NEAR-MYTHS: "THREAT OF THE HIGH-RISE BUILDINGS" (FLASH #185, 1969)




 While in one of my meditations the other day, I happened to think about the Silver Age FLASH series, and the image of this cover popped into my mind. This was unusual because I usually conjure with "peak experiences" in comics-reading, and this was kind of a "null-experience." Though I've usually a very retentive memory, I had no memory of this issue's story, written by Frank Robbins and drawn by Ross Andru, though I knew that I had read and still possessed the issue.



So is the cornily-titled tale all about the Flash, that sterling defender of law and order, being assailed by lawless hippies (who hypocritically advocate "make peace not war" while whaling on the hero)? Not in the least. What the story's mainly about is the trope much beloved in Silver Age (by editor Julie Schwartz if not so much by fans): extreme dislocations of Planet Earth and familiar monuments of Earth. Hence "high-rise buildings" around the world, among them the Eiffel Tower, all start getting pulled into the sky by forces unknown.

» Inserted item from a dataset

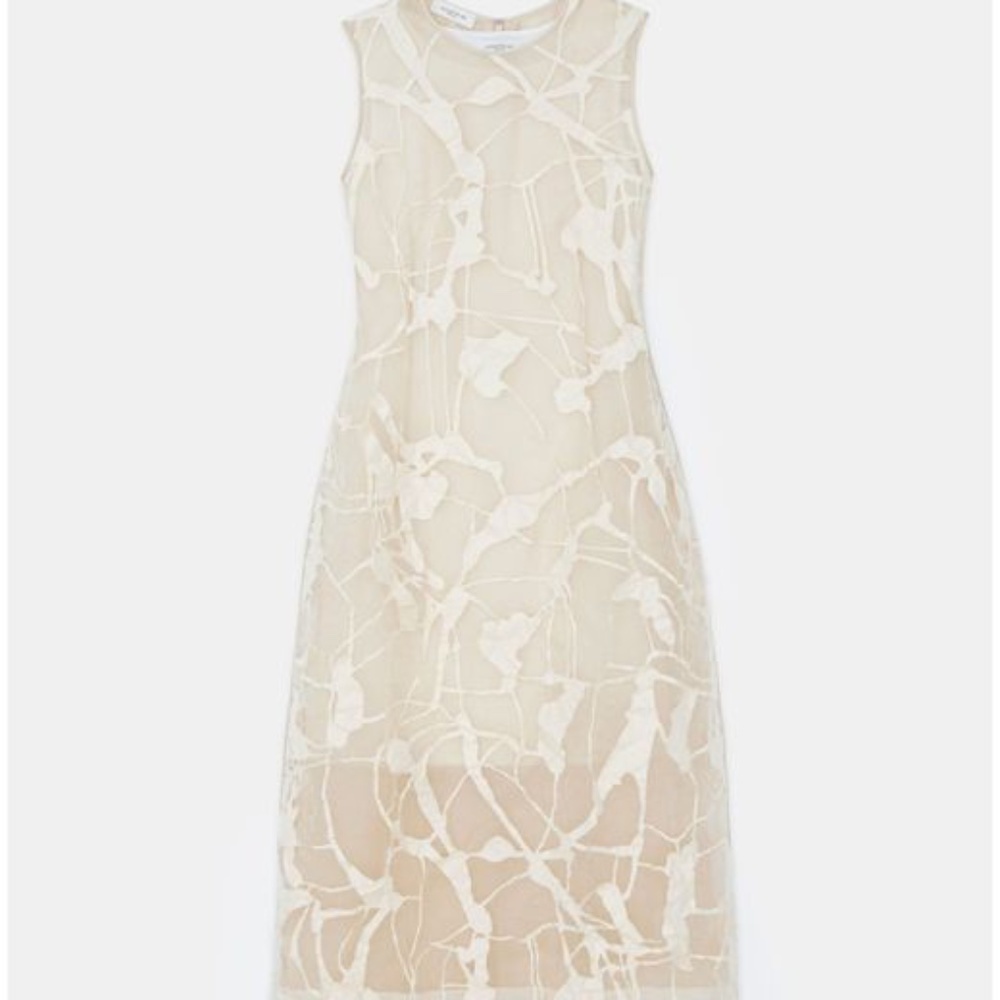 Lafayette 148 New York Ink Splatter Jacquard Overlay Tulip dress size 16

Barry "Flash" Allen just happens to be in Gay Paree on a second honeymoon with wife Iris when the catastrophe hits the entire world. In addition to the loss of the world's tallest buildings, radio and TV communication, then dependent on radio towers, goes down the "tubes," so to speak. Fortunately Barry seems to have reached out, in his police-scientist capacity, to Surete Inspector Martell, for in spite of the chaos, Barry's immediately able to become Martell's aide-de-camp in investigating the perplexing matter. I commend author Robbins for providing a soupcon of logic to Barry's easy egress to the Surete. However, it's really a little too easy that Barry and Martell are provided with the royal road to the solution, when a call from the local "radio-telescope space station" catches Martell's attention, not too long after Barry has theorized that the calamity may have its origins in outer space.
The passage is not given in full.